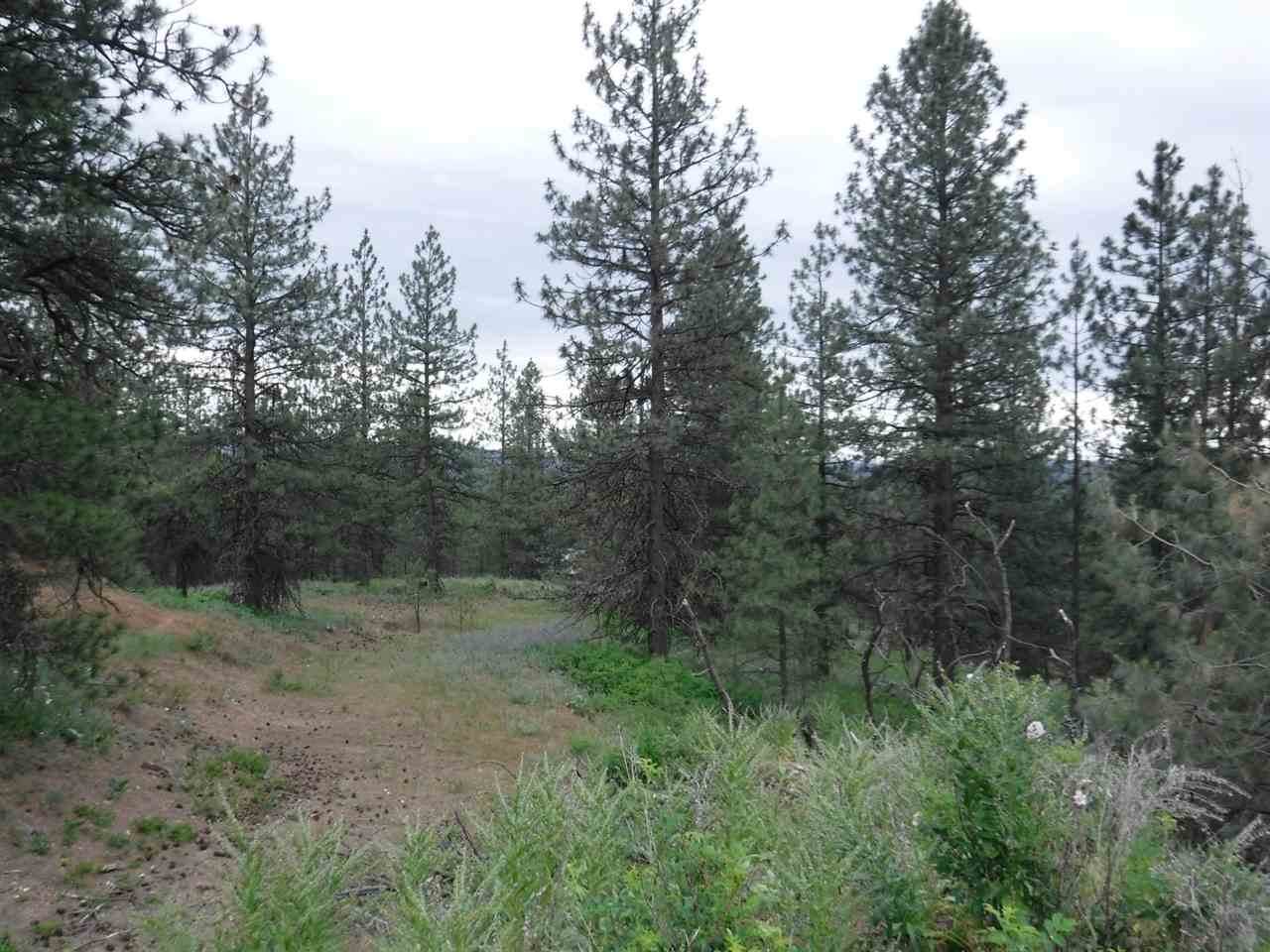 X Bigfoot Ln - Photo 1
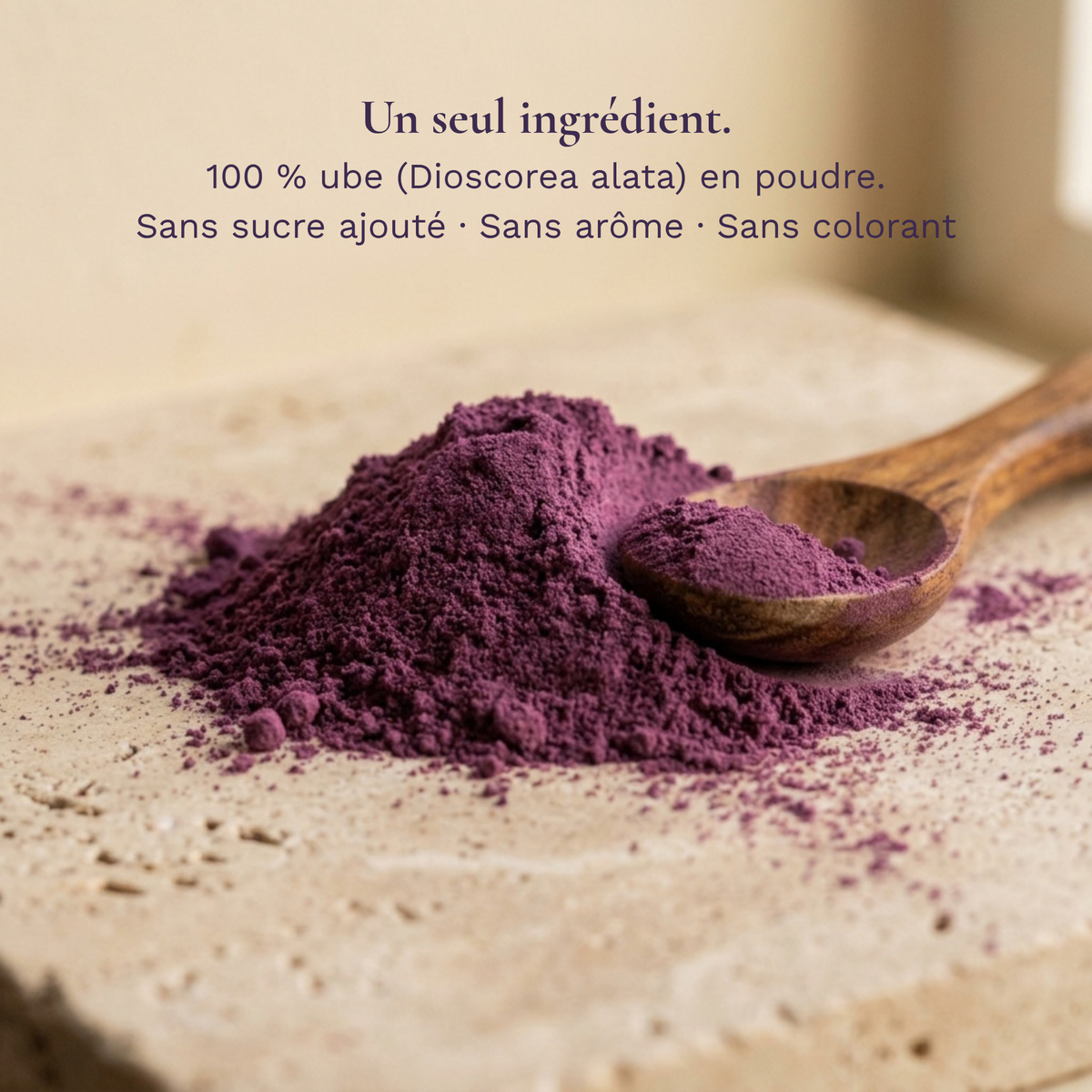 Ube Barista - Poudre d'Ube 100% pure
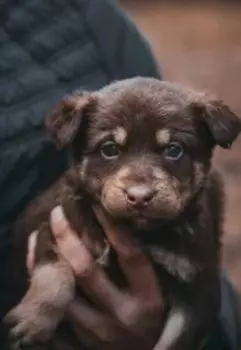 Я тебя ненавижу!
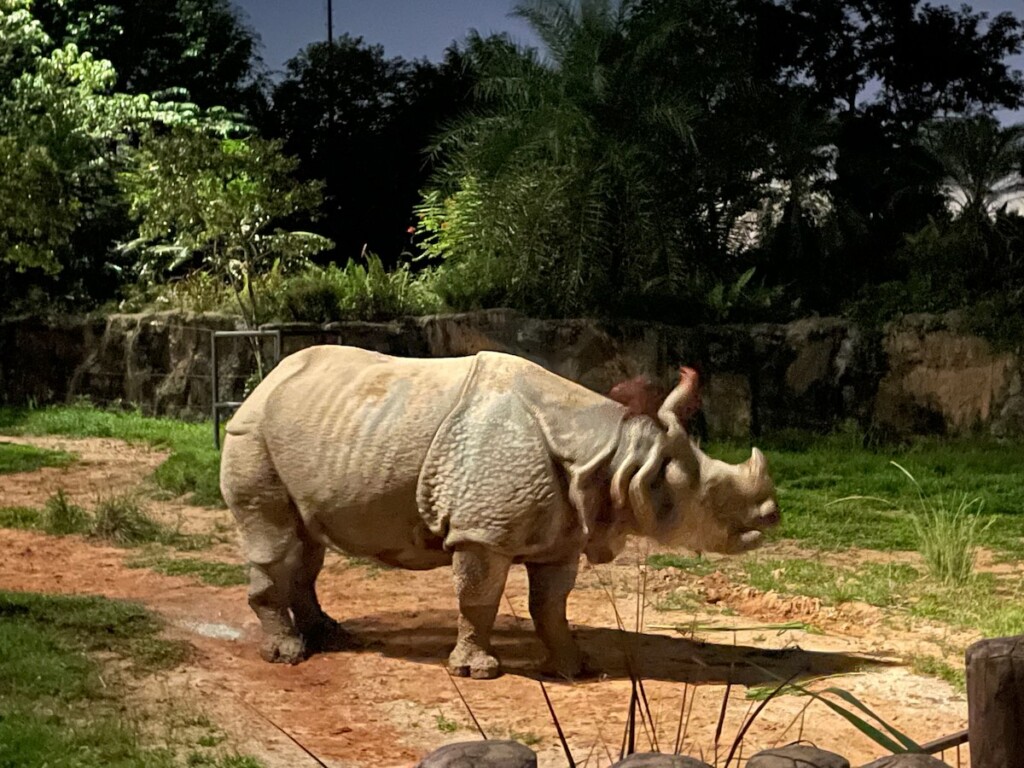 Rhino at the night safari Mandai Wildlife Reserve 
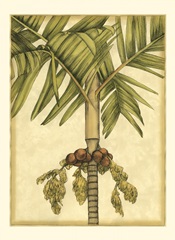 Small Graphic Palms II (P)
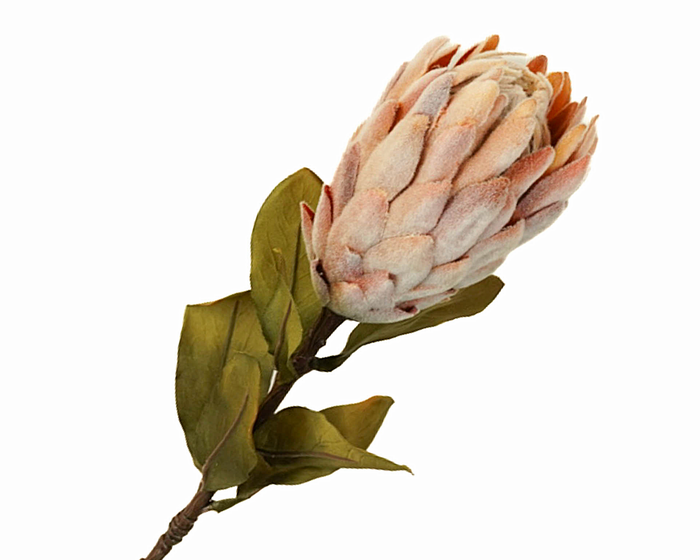 <h4>Protea Brown</h4>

# # # # # # #

- What this task involves
Output the entries above exactly as given, but strip out the pictures.

- Answer below
 X Bigfoot Ln - Photo 1
 Ube Barista - Poudre d'Ube 100% pure
 Я тебя ненавижу!
 Rhino at the night safari Mandai Wildlife Reserve 
 Small Graphic Palms II (P)
 <h4>Protea Brown</h4>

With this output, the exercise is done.